The 120 pages of the report are structured in four main sections: evidences of climate change and assessment of main greenhouse gas sources for the Province, climate change impacts on natural system, impacts on society, and possible mitigation and adaptation strategies.
The climate change signal was assessed at local scale by exploiting the longest past weather observations and by extracting the downscaled future scenarios relative to different Representative Concentration Pathways (RCP4.5 and RCP8.5) from a bias-corrected ensemble of climate model outputs of Euro-Cordex database.
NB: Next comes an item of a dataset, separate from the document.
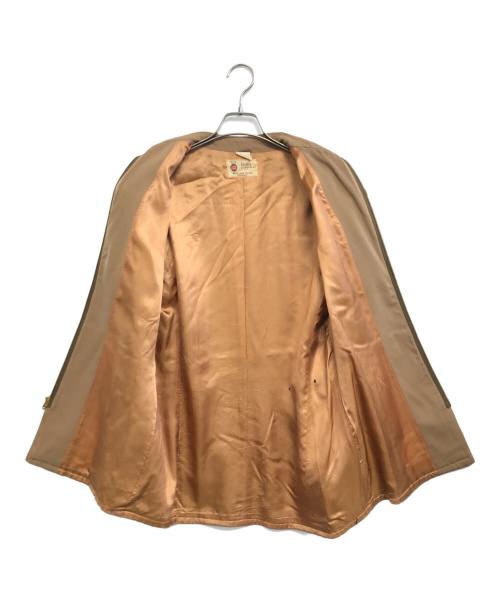 ZERO KING（ゼロキング）ZERO KING (ゼロキング) レーヨンギャバジン スポーツジャケット ブラウン サイズ:36の古着・服飾アイテム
Daily temperature and precipitation series spanning the last 50 years and projected, together with model uncertainty, to 2100 were constructed for the historical weather sites in South Tyrol and used to propose specific climate indicators, such as number of tropical nights or length of growing season, and to evaluate their trends and variability.
Potential climate change impacts were discussed for each of the most meaningful natural components for South Tyrol, i.e. water and snow, biodiversity and natural hazards, such as avalanches and landslides, by exploiting current data, other existing studies and by analyzing the past and future projections of the specific climate indicators, e.g. the mean annual cycle of Adige river catchment runoff to assess possible variations in water availability.
By following the same approach, the climate change impacts on society are discussed by individually focusing on the most vulnerable sectors: water management and hydropower production, agriculture and forestry, infrastructures, mountain and urban settlements, tourism and health. The report provides for each sector the currently evident impacts retrieved from observations and indicators, the possible future scenarios and suggests specific mitigation and adaptation measures.
In the closing section, the overview of adopted actions and plans at local, regional and national scales in the framework of climate change allows to highlight the increasing need of more comprehensive and intersectoral strategies in the near future and to suggest possible approaches. In addition, examples of good practices to reduce individual impacts on greenhouse gas emissions are addressed to the large public, e.g. enterprises, schools, researchers and citizens, in order to promote individual awareness and the exchange between scientific community and society.